Supplied material:
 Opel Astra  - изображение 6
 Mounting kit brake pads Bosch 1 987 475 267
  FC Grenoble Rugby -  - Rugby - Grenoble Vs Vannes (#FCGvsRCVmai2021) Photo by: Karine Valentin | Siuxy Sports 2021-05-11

Exercise prompt: Would you retype all of the data exactly as shown?

Problem solution:
 Opel Astra  - изображение 6
 Mounting kit brake pads Bosch 1 987 475 267
  FC Grenoble Rugby -  - Rugby - Grenoble Vs Vannes (#FCGvsRCVmai2021) Photo by: Karine Valentin | Siuxy Sports 2021-05-11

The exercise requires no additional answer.